▶ **EXERCISE**
When you reach the line that contains "7824 Verree Road", begin copying exactly, and continue through the last line of the data; no pictures belong in the copy.

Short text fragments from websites

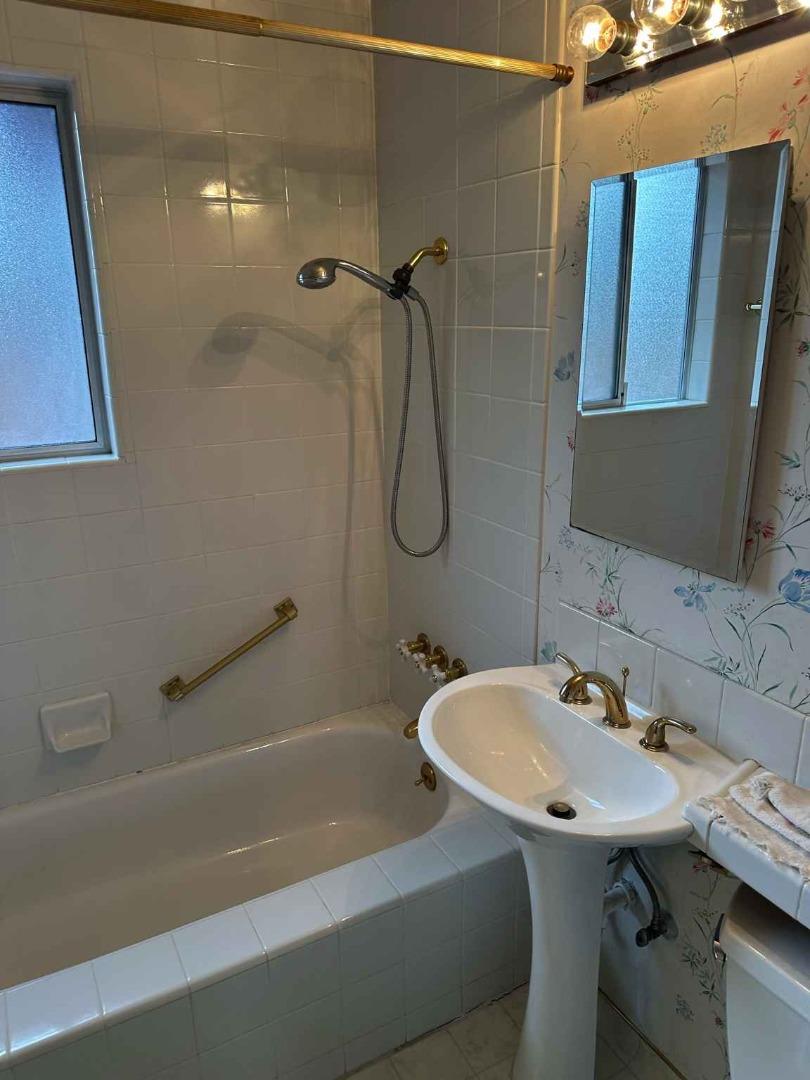 2797 Massachusetts Avenue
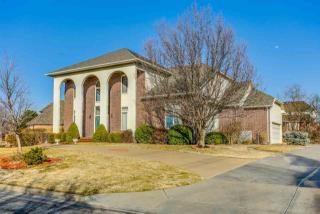 2601 Wilderness Ct, Wichita, KS 67226-2137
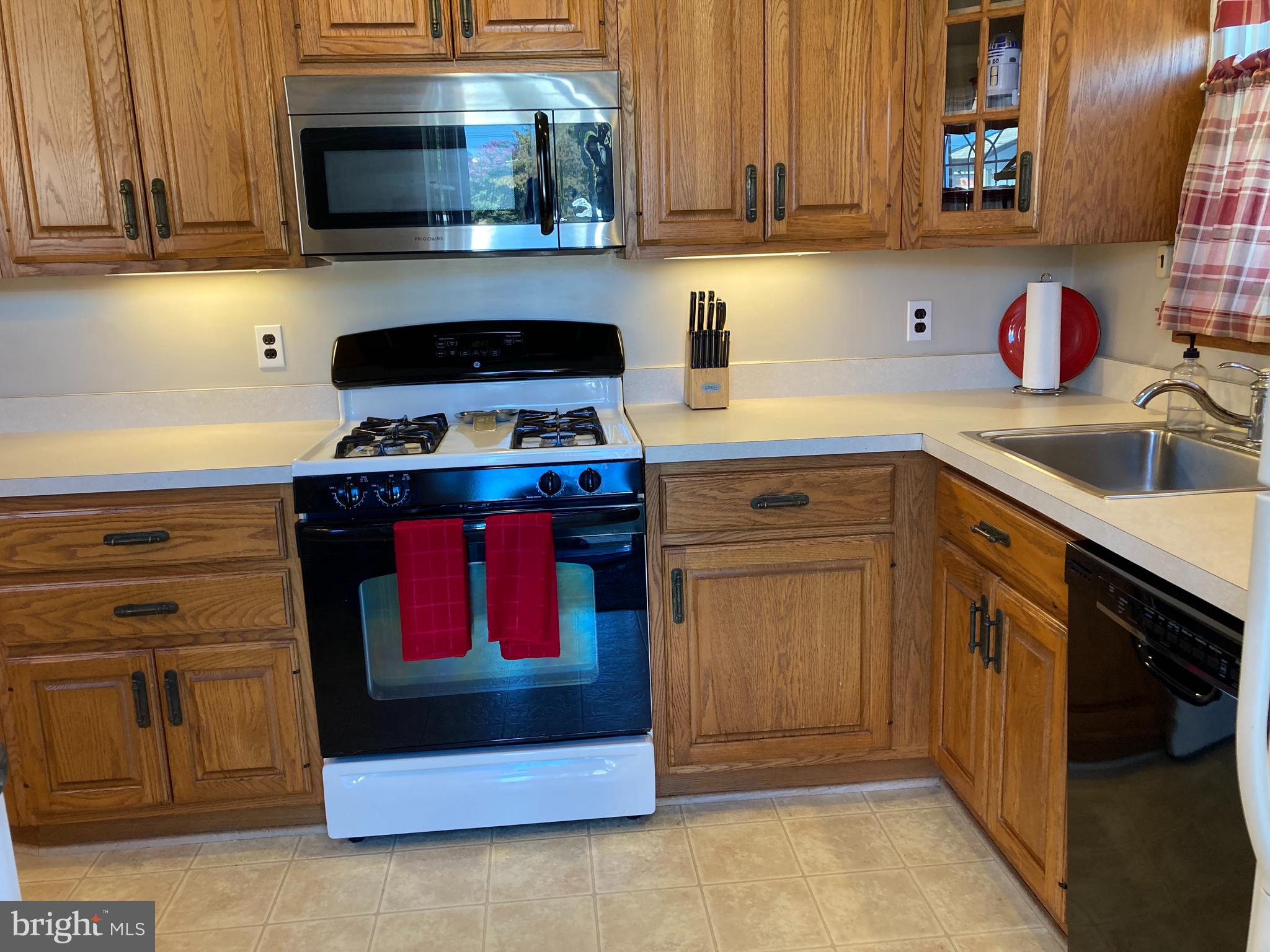 7824 Verree Road Philadelphia, PA 19111 - Photo 9 of 53 Gallery Image 9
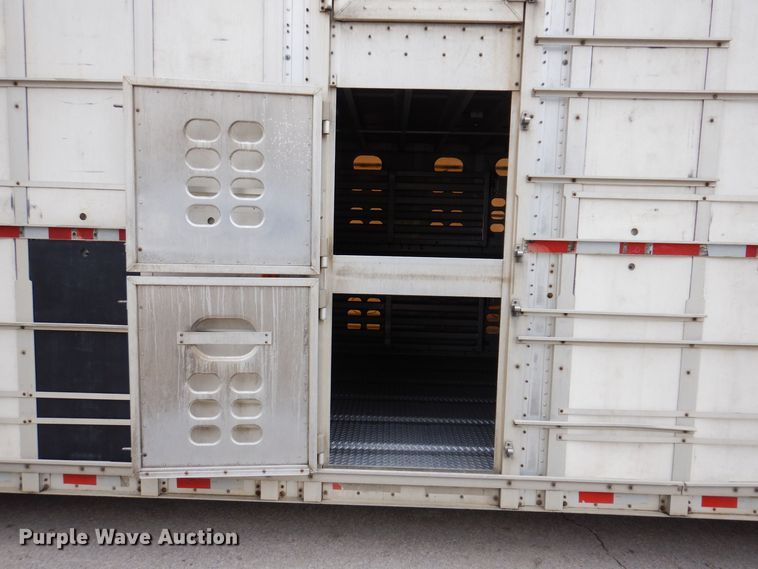 image for item DK5163 2006 Wilson PSDCL-411P  livestock trailer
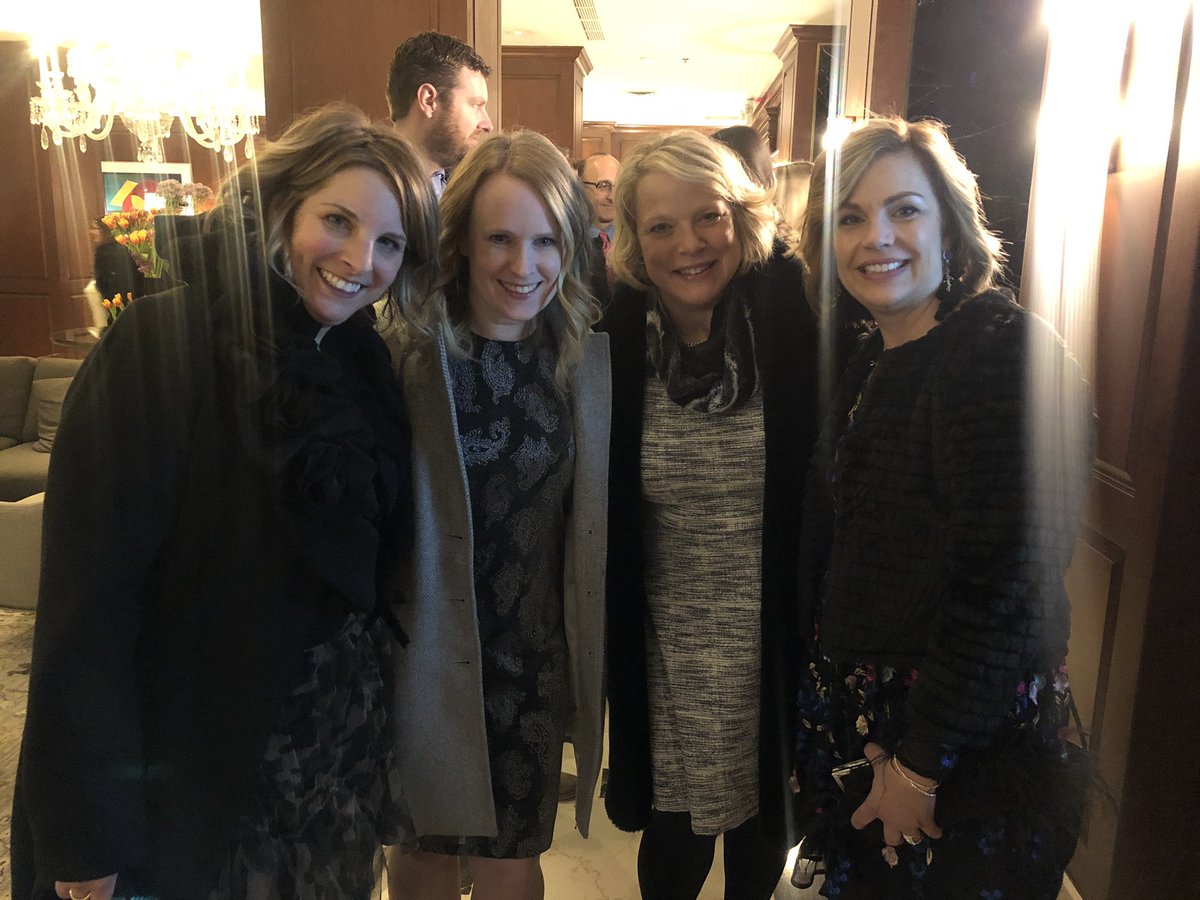 SupportBEF's tweet photo. Welcome @QuartonBears @BinghamEagles @Beverly_Bobcats @greenfield_elem to the #UnabashedBash! 🍎 🍏 @BirminghamPS https://t.co/gPbPVUkROx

▶ **REPLY**
 7824 Verree Road Philadelphia, PA 19111 - Photo 9 of 53 Gallery Image 9
 image for item DK5163 2006 Wilson PSDCL-411P  livestock trailer
 SupportBEF's tweet photo. Welcome @QuartonBears @BinghamEagles @Beverly_Bobcats @greenfield_elem to the #UnabashedBash! 🍎 🍏 @BirminghamPS https://t.co/gPbPVUkROx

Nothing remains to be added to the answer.